Voller Stern Voller Stern Voller Stern Voller Stern Voller Stern
liesmal Avatar

Von

1944 – Margarethe lebt mit ihren Eltern und ihrem Bruder Micha auf einem Hof in einem Eifeldorf. Vom Krieg werden sie hier bisher verschont. Ihr Vater Johann ist Ortsbauernführer, malträtiert allerdings nicht nur die Dorfbewohner, sondern auch seine polnischen Arbeiter und ebenso seine Familie. Margarethes Verlobter kommt aus dem Krieg nicht zurück und als sie Theo heiratet und er mit auf dem Hof lebt, gibt es zwischen ihm und Johann ständig Streitigkeiten und auch Margarethe hat nichts zu lachen. Der Umgangston in der Familie färbt natürlich auch auf Margarethes Sohn Alexander ab. In dem Buch, das die Zeit von 1944 bis zur Wende umfasst, geht es nicht nur um Margarethe und ihre Familie, sondern auch um die anderen Dorfbewohner und ihre Geschichten. Das Glück scheint allerdings bei keiner Familie zu Hause zu sein.
Durch das alte Haus auf dem Cover kann ich mir sehr gut vorstellen, wie es in dem Dorf ausgesehen haben könnte. Der lebendige Schreibstil gefällt mir.
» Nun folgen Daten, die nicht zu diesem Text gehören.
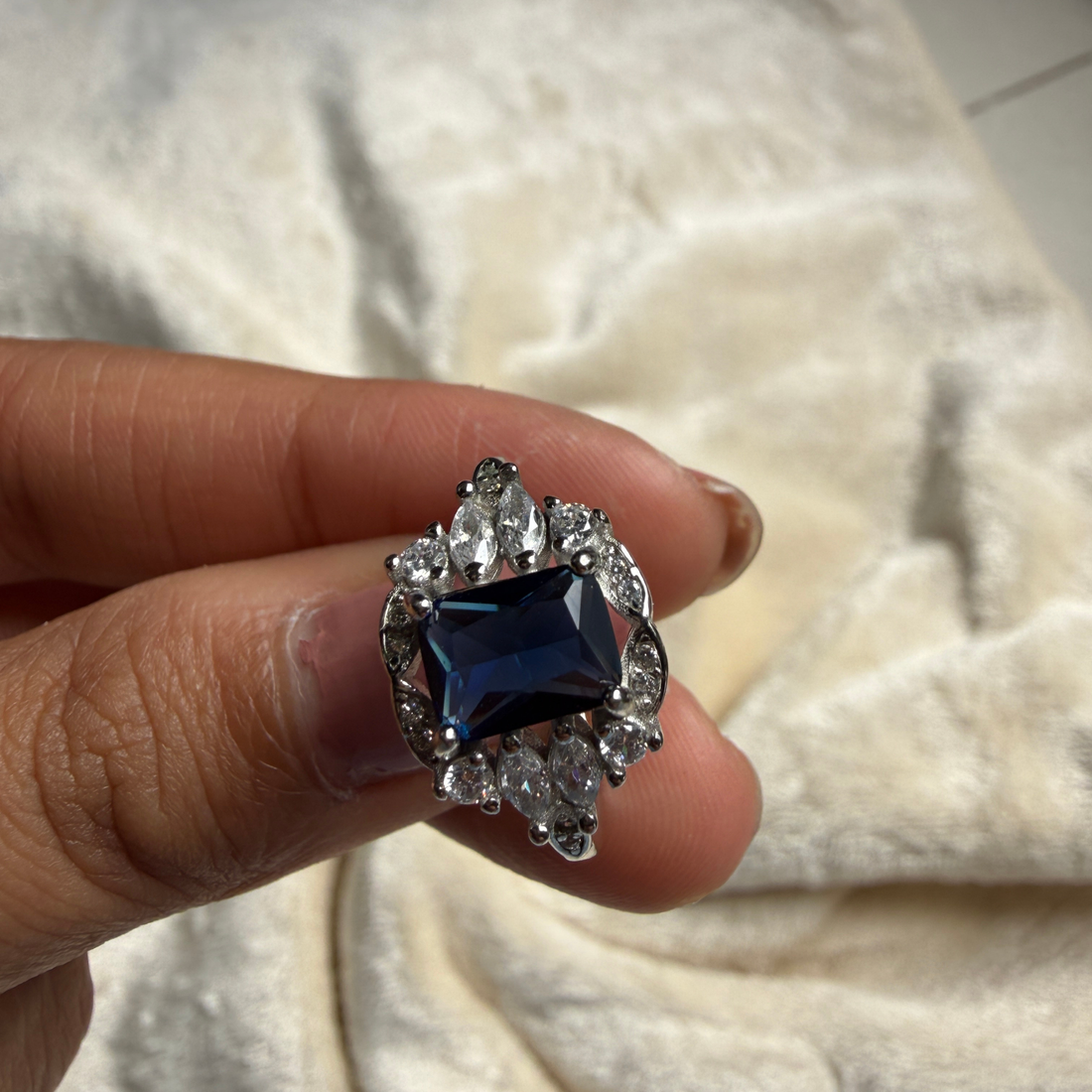 Blue emerald gemstone and lab-grown diamond halo ring by Kiashaa Jewellery.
Mit viel Feingefühl und Realitätsnähe werden Erinnerungen geweckt, auch wenn ich nicht in der Eifel zu Hause bin, aber in der Nachkriegszeit geboren wurde.
Das afrikanische Sprichwort und die Widmung „allen Frauen, denen Unrecht und Gewalt widerfährt“ sind ein guter Einstieg und in manchen Buchpassagen tut es gut, daran zu denken.
Was mich besonders beeindruckt hat bzw. woran ich mich gern erinnere:
Die Menschen haben früher viel mehr miteinander zusammengesessen, gespielt und Geschichten erzählt. Der Aberglaube war noch Thema.
Johann – Schwer zu begreifen: Wie kann ein Mann, der so wunderschön Mundharmonika spielen kann, sich zu einem so gewaltbereiten Mann entwickeln?
Der amerikanische Soldat, der in der Kirche erkannt hat, dass nicht alle Deutschen Monster und Barbaren sind, hat mich sehr berührt.
Schlucken musste ich über die Aussage aus dem Kloster, dass es Gott scheinbar nicht gleichgültig ist, ob man arm ist oder reich.
Die Fußball-WM 1954 mit dem Wunder von Bern – eine Familie besaß einen Fernseher, vor dem sich alle Dorfbewohner versammelten – mal ein Tag, an dem die Menschen glücklich waren!
Margarethe und ihr Lebensweg mit weniger glücklichen als unglücklichen Momenten hat mich sehr berührt – ebenso der Weg von Alexander, ihrem Sohn.
Schwierig wurde es für mich im Kapitel 25 im Jahr 1987. In diesem Kapitel war Alexander 46 Jahre alt, bezahlt wurde damals in Euro. Trotz mehrmaligen Lesens bin ich daraus nicht schlau geworden. War es ein Versehen oder stand ich auf dem Schlauch?
Ansonsten hat mir die Erzählweise anhand der Jahreszahlen sehr gut gefallen, weil ich mich nur anhand der Zahlen mehrmals erinnern konnte, zum Beispiel an das Wetter im Februar 1956 – sehr gute Recherche!
Ich empfehle das Buch sehr gern und freue mich auf weitere Geschichten von Karl Blaser.